Petitioner has failed to meet her burden of proving that the student is homeless under State or federal law. In this appeal, the record is completely devoid of any proof concerning petitioner’s current living arrangement, other than allegations in an attachment to the petition that the housing is temporary and transitional and the “[a]greement is month to month.” Indeed, petitioner answered “No” to the question: “[a]re child’s/youth’s parent(s) or legal guardians homeless?” on the State Education Department’s form petition for an appeal involving a homeless child or youth (see Appeal of T.C., 55 Ed Dept Rep, Decision No. 16,502). Consequently, petitioner has failed to prove that the student’s current address is not fixed, regular or adequate. There is no information whatsoever about this address in the record and, thus, no proof relating to the adequacy of such residence. Although petitioner suggests that the residence is temporary because she rents it on a month-to-month basis and intends to return to the district, petitioner’s month-to-month rental arrangement and intention to move back to respondent’s district do not make the residence temporary or transitional (Appeal of M.W., 46 Ed Dept Rep 151, Decision No. 15,471). Therefore, petitioner has failed to meet her burden of proving that she lacked a fixed, regular and adequate nighttime residence.
Additionally, there is no proof that petitioner’s current residence is temporary or transitional. Other than her assertions that the residence is “temporary” and rented on a month-to-month basis, petitioner has not submitted any evidence concerning her arrangement with her landlord. Consequently, the record contains no evidence that petitioner or the student need to vacate their current residence or that there is a fixed time limit as to how long they may remain (see Appeals of S.R., 56 Ed Dept Rep, Decision No. 16,987; Appeal of A.N.Z., 53 id., Decision No. 16,537; Appeal of a Student with a Disability, 52 id., Decision 16,404).

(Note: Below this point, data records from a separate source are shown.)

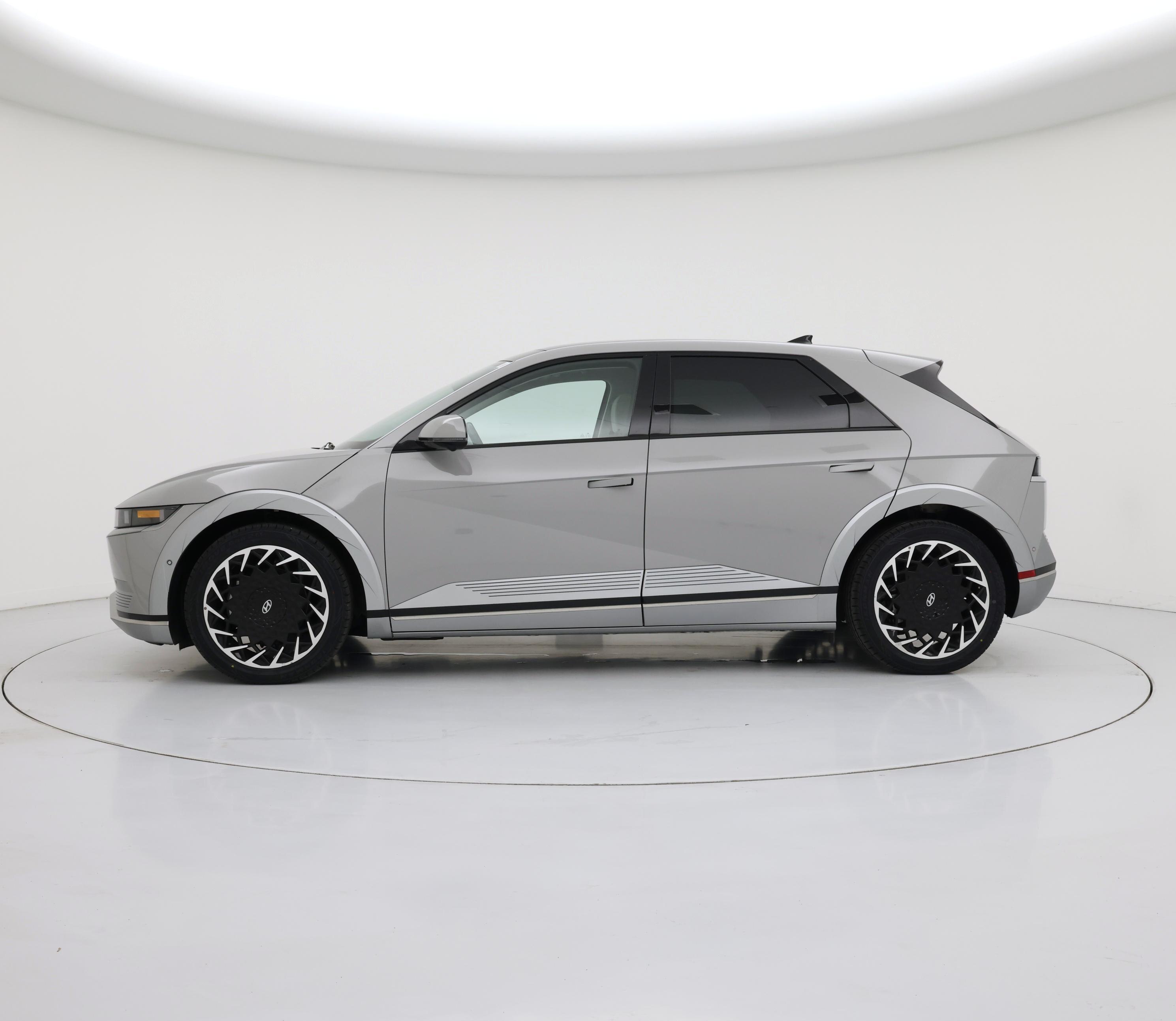 Thumbnail: 2024 Hyundai Ioniq 5 - 3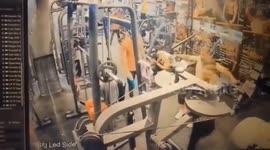 A 32-year-old man died suffered a brain stroke during exercise, after which he collapsed in the gym on Northern India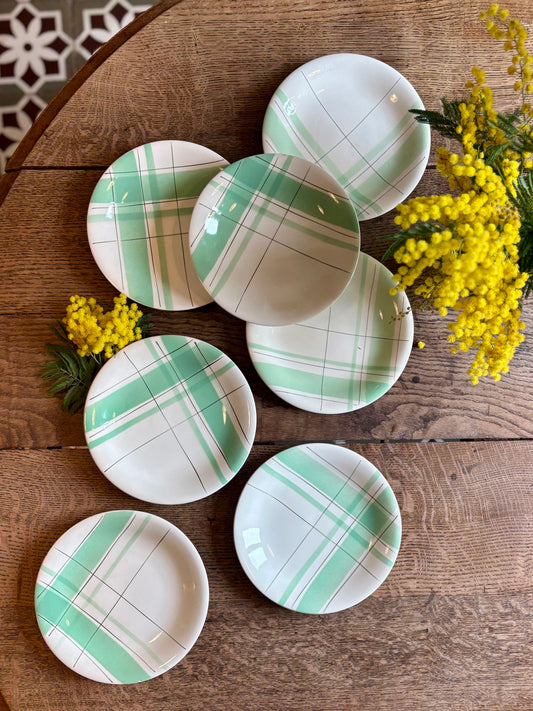 Lot de 7 assiettes à dessert vintage, modèle Montréal vert de Salins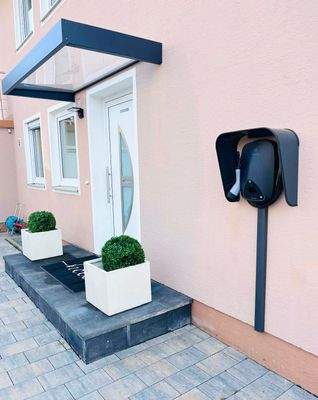 Eingangsbereich mit Wallbox.jpg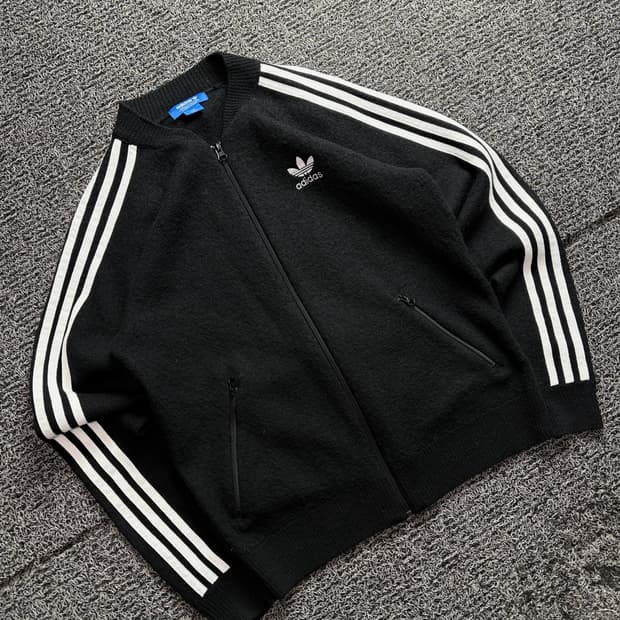 아디다스 울니트 슈퍼스타 트랙 탑 블랙 2899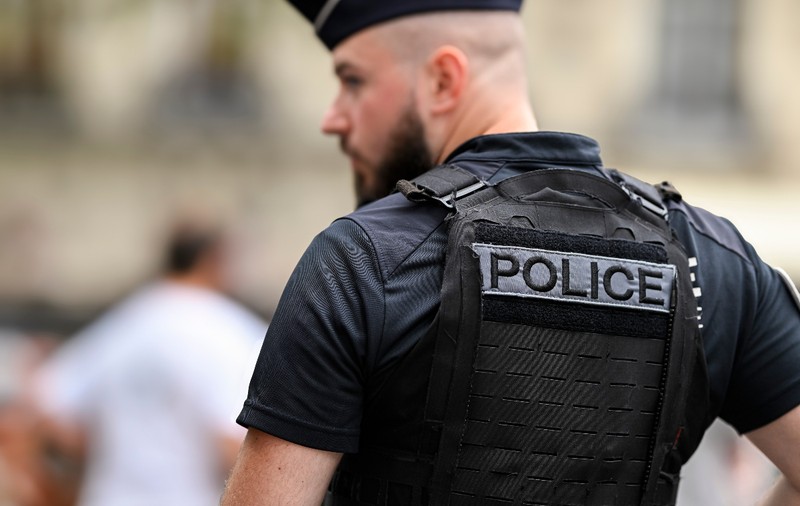 Au aruncat 5.000 de euro pe fereastră, către două femei, și s-au trezit cu poliția în apartament: caz bizar la Lyon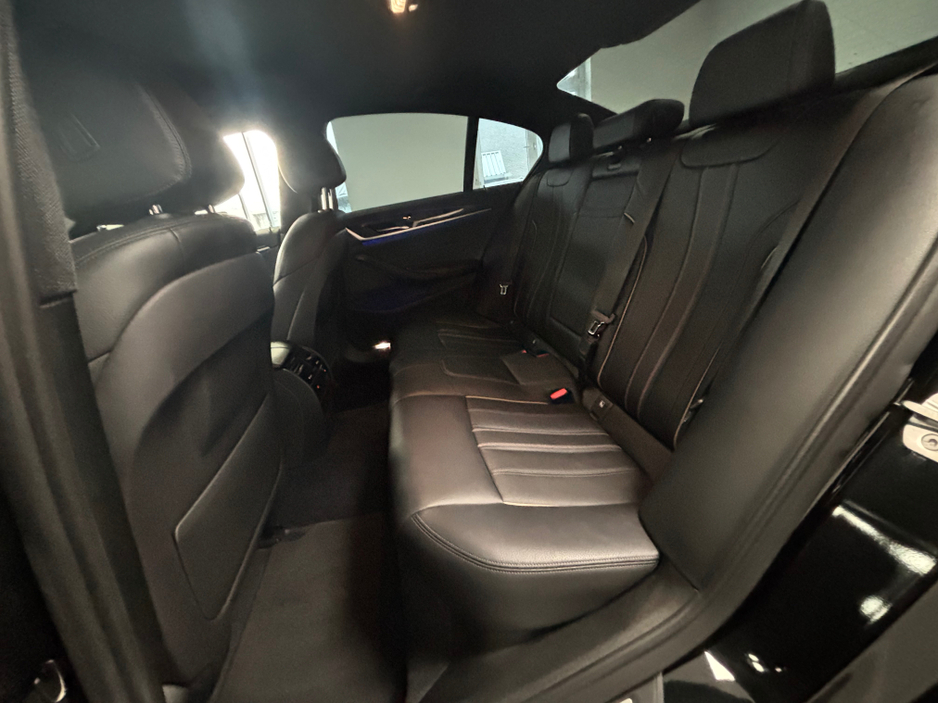 2018 BMW 5 Series - image 9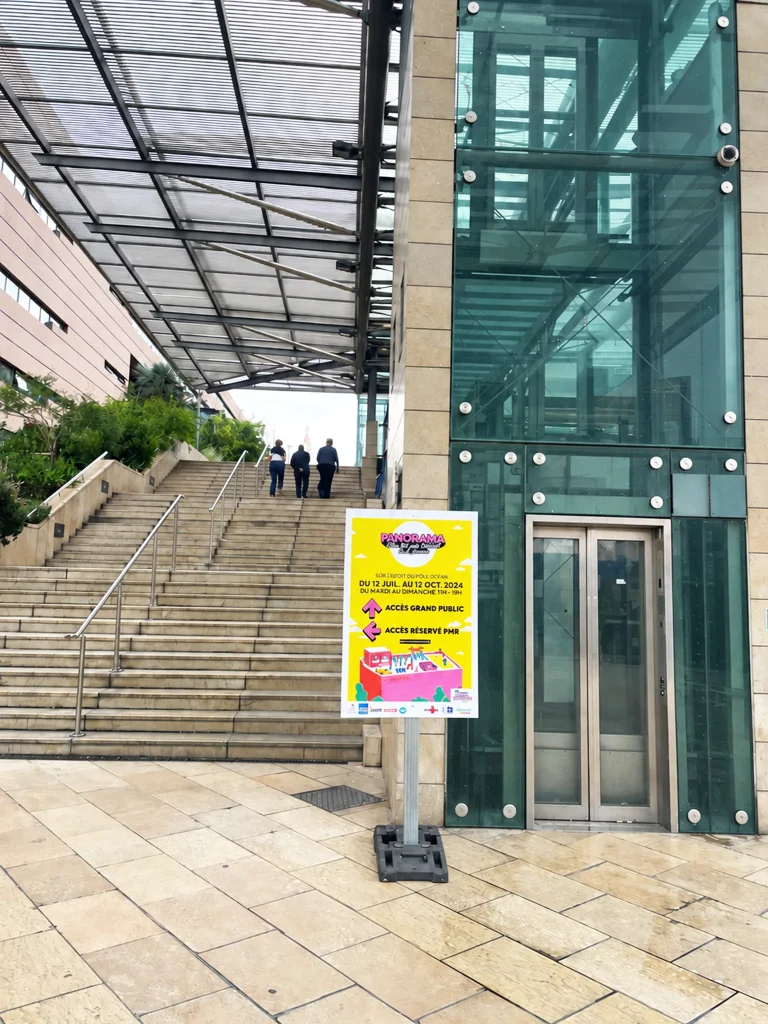 Installation d’une signalétique directionnelle sur poteau pour SERM à Montpellier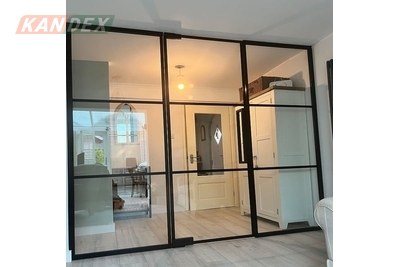 Kính Chống Cháy EI70 Có Bị Nứt Vỡ Khi Cháy Không?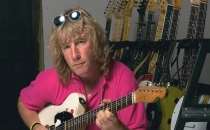 Dünyaca Ünlü Gitaris Rick Parfitt Hayatını Kaybetti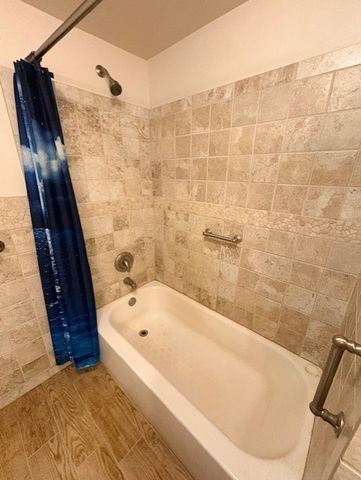 2440 Racetrack Rd, Youngwood, PA 15672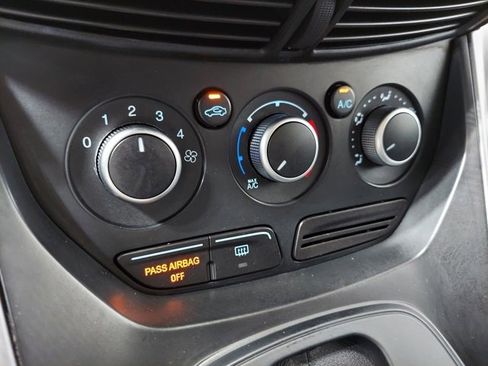 Used 2016 Ford Escape SE image 24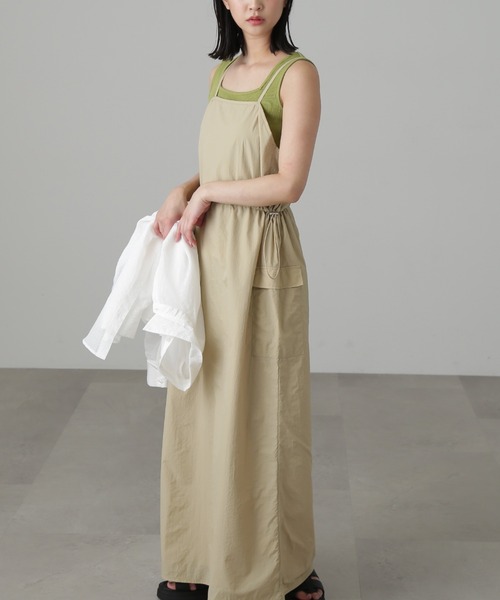 FREE'S MART（フリーズマート）の「◆ウエストドロストミリタリージャンパースカート（ワンピース・レディース・ベージュ/ブラック・FREE）」の8枚目の写真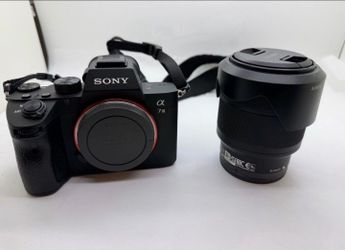 Sony A7 III Camera with lens 28-70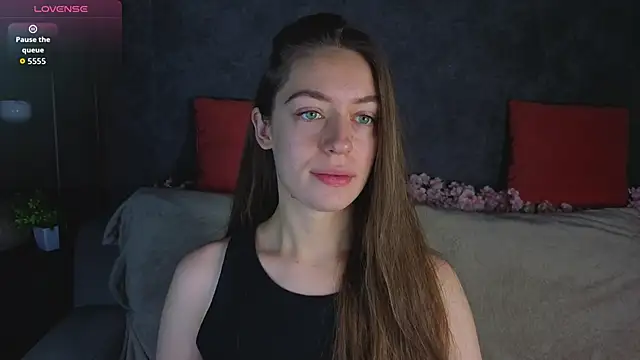 Agnes Wells online show from June 28, 2026, 1:12 am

Finally, petitioner’s attempted reliance on certain statements contained in McKinney-Vento is misplaced as these provisions pertain to students who meet McKinney-Vento’s definition of “homeless children and youths.” Petitioner quotes selected statements from 42 USC §11432(g)(3) which indicate that certain enrollment decisions must be made “according to the child’s or youth’s best interest” and asserts that, here, remaining within respondent’s district is in the student’s best interest. However, these provisions apply only to students who are homeless (see Education Law §3209[f]) and, as described above, petitioner has failed to meet her burden of proof in this respect.
Thus, based upon the record before me, I am constrained to find that petitioner has failed to demonstrate that the student is homeless within the meaning of McKinney-Vento in that he lacks a fixed, regular and adequate nighttime residence or that the student is living in the kind of shelter or other accommodations set forth in Education Law §3209(1)(a). Despite the deficiencies in the present record, the record suggests that petitioner and her family have experienced economic hardship and may be at risk of becoming homeless. Although I am sympathetic to petitioner and her family’s circumstances, she has not submitted sufficient evidence in this appeal to prove that the student is currently homeless. Accordingly, I cannot find respondent’s determination that the student was not homeless to be arbitrary or capricious.
Although the appeal must be dismissed for the reasons described above, I note that petitioner has the right to reapply for admission on behalf of her child at any time, should circumstances change, and to submit any documentary evidence for respondent’s consideration.
THE APPEAL IS DISMISSED.
END OF FILE
 Education Law §3209(1)(a-1)excludes from the definition of “homeless child” a child in a foster care placement or receiving educational services under certain provisions of Education Law §3202 or Articles 81, 85, 87 or 88 of the Education Law, circumstances not presented in this appeal.